Environmental Weed Management Program 2015/16—Progress on the delivery—Ministerial statement, 18 February 2016.

I move:

That the Assembly take note of the paper.

MS LAWDER (Brindabella) (11.22): I thank Mr Gentleman for providing this update on the weeds program. It was pretty much in response to a motion I moved in November which called on the ACT government to reinstate the weed management funding cut in the 2015-16 budget, to reinstate meetings of the ACT Weeds Advisory Group and to report back to the Assembly in February 2016 on progress. The motion that I put forward of course was amended by the government. Nevertheless Mr Gentleman has provided this update today.

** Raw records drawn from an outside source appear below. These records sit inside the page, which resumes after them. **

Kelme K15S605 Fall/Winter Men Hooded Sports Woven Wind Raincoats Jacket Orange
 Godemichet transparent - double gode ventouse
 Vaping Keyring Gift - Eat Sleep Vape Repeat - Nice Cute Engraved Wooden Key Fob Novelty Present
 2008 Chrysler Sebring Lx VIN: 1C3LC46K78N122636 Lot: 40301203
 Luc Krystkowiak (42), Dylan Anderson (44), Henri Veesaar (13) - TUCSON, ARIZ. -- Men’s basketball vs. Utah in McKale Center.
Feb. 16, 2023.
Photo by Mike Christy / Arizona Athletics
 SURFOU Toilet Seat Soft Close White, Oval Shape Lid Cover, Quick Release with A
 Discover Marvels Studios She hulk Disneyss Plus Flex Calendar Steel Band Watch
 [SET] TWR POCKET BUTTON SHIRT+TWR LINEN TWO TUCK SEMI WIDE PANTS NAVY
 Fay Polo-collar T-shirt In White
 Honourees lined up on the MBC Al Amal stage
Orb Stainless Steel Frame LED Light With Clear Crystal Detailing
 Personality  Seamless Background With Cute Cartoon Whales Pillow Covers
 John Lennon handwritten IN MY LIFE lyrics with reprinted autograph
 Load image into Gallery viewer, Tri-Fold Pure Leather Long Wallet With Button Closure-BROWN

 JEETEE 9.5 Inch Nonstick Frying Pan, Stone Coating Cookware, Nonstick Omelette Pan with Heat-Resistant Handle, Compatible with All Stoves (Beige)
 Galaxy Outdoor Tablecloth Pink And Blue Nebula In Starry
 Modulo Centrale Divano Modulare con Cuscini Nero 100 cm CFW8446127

The update today does not mention reinstating the weed management funding. I note that TAMS have spent only about 30 per cent of their total budget so far. We are seven months or maybe 60 per cent through the year and, whilst pro rata spending is not necessarily the only way to measure effectiveness or efficiency, I wonder why we have spent only 30 per cent of the budget to date. I hope we are not going to underspend badly on this budget item with the potential to have the weeds out of control by not using up the budget, albeit the already diminished budget, in the weeds area. African love grass, which was the major thrust of my motion presented late last year, gets one very brief mention in your statement, Minister Gentleman. That is a little disappointing. It also does not mention the Weeds Advisory Group.

While we talk about expenditure of $1.5 million on the weeds program this year, there was no indication in Mr Gentleman’s statement whether that amount is adequate based on advice from responsible weeds officials in the directorate, the Weeds Advisory Group and feedback from the community, including the volunteers who are also assisting in managing weeds. The estimates committee was told that an average of just over $2 million in recent years was just adequate to stay on top of the weed problem.

The minister also said that funding enables the control of weeds in many of the territory’s protected areas. He says only “many of the areas”, and not that the program is adequate for all protected areas. The minister makes a good point that weed control work in any given year is susceptible to prevailing weather conditions. However, he seems to claim that the 2015-16 ACT budget was framed in the knowledge that: “The weather conditions thus far have provided for a slow weed year, which is a positive thing.” It remains to be seen whether the year will remain slow for weeds. It is a post-hoc rationalisation that funding reduction is okay because the weeds did not grow.